水道哲学に対する私の理解を改めたことについては「歴史館 経営理念特別展を見学して(1月11日)」の投稿でも触れましたが、その後も私なりに考えたところがあるので共有させていただきます。

真の創業、昭和7年5月5日の第一回創業記念式典の所主所感において創業者が発表された水道哲学は、当時の日本の社会の状況に鑑みて「生産に次ぐ生産をもって貧乏を克服し、富を増大する」という言葉で打ち出されましたが、その目指す先の「楽土」の姿としては「精神的な安定と、物資の無尽蔵な供給が相まって始めて人生の幸福が安定する」とされており、これを「真使命として感得した」と仰っています。そして、25年を1節とし、10節250年をかけて富み栄えた楽土実現の使命を達成することを誓われたのです。
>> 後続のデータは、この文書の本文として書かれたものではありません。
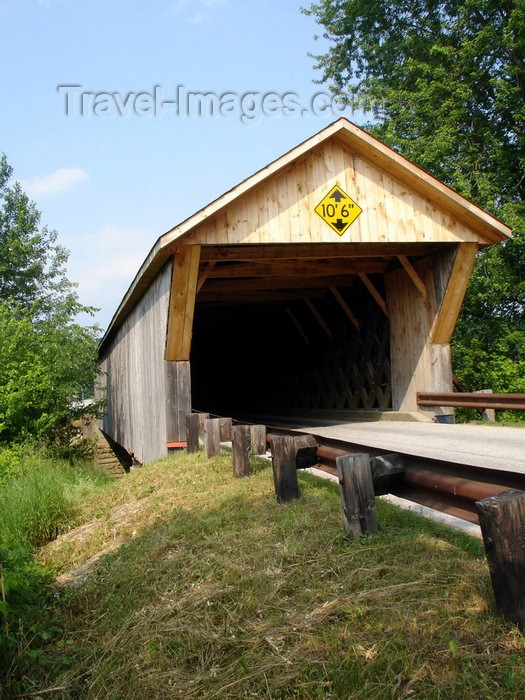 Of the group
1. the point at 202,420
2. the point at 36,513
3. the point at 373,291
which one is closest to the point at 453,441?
the point at 202,420

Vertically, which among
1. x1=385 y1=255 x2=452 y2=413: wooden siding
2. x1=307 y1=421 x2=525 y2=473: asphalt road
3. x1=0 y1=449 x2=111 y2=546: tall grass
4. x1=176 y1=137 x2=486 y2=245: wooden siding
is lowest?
x1=0 y1=449 x2=111 y2=546: tall grass

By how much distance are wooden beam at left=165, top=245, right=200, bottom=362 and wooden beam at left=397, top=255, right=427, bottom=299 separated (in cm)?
356

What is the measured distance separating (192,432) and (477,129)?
42.6ft

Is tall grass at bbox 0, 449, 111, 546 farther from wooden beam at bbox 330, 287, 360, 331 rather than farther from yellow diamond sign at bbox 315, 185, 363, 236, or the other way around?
wooden beam at bbox 330, 287, 360, 331

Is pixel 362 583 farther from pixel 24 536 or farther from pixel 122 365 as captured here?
pixel 122 365

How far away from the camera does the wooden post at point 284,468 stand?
167 inches

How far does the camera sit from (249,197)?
27.2 ft

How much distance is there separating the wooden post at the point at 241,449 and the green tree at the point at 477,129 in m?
9.40

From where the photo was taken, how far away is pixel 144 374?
1089 cm

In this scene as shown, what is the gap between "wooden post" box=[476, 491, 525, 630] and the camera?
7.29 feet

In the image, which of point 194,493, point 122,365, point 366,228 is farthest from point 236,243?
point 122,365

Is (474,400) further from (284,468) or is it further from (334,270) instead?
(284,468)

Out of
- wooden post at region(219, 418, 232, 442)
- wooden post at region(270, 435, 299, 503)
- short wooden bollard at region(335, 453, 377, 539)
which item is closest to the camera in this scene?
short wooden bollard at region(335, 453, 377, 539)

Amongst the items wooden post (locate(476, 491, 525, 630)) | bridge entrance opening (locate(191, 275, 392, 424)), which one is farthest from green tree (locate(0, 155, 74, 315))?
wooden post (locate(476, 491, 525, 630))
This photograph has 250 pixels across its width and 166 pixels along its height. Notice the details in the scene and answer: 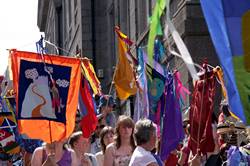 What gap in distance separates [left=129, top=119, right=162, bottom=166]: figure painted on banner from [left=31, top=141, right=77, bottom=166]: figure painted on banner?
5.00 ft

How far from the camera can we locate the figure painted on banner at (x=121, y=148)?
8.95 meters

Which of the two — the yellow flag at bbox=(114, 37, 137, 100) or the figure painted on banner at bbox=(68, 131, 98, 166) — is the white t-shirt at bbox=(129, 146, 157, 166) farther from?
the yellow flag at bbox=(114, 37, 137, 100)

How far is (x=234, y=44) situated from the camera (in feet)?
17.3

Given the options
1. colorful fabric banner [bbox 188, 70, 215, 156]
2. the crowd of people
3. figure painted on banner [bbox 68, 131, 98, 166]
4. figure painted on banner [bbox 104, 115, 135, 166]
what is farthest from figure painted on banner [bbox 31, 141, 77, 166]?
colorful fabric banner [bbox 188, 70, 215, 156]

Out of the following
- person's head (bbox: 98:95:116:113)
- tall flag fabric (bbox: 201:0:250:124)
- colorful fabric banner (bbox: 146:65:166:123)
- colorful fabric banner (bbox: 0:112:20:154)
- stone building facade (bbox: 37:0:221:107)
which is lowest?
colorful fabric banner (bbox: 0:112:20:154)

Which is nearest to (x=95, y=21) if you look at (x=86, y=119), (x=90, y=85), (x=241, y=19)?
(x=90, y=85)

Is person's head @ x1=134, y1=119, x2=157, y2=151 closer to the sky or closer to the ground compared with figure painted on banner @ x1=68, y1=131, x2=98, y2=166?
closer to the sky

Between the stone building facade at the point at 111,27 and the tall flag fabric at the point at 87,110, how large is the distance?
3.98 metres

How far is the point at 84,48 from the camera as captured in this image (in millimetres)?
37250

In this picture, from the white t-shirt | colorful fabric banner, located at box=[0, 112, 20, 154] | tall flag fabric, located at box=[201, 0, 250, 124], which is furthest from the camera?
colorful fabric banner, located at box=[0, 112, 20, 154]

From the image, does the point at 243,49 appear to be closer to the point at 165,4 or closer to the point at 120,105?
the point at 165,4

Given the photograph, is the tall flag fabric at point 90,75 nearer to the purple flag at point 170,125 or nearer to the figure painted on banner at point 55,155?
the purple flag at point 170,125

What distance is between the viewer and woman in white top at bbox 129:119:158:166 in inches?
289

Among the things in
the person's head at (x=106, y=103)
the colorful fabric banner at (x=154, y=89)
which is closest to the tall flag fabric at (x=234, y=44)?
the colorful fabric banner at (x=154, y=89)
さて、今、私たちが生きている2021年、確かに物は満ち溢れているし、不便らしい不便を感じることはなくなりました。しかし、昭和7年に創業者が目指された「精神的な安定と、物資の無尽蔵な供給 が相まって得られる人生の幸福」で社会を満たすことはできたのでしょうか?

物が満ち溢れたものの資源の枯渇を心配しないといけない。私たちの子供や孫まで地球に住みやすい環境が持続しないかもしれない。インターネットの普及によって簡単に情報が得られるが、個人情報の流出のみならず、誹謗中傷や巧妙な犯罪にさらされる不安が増えている。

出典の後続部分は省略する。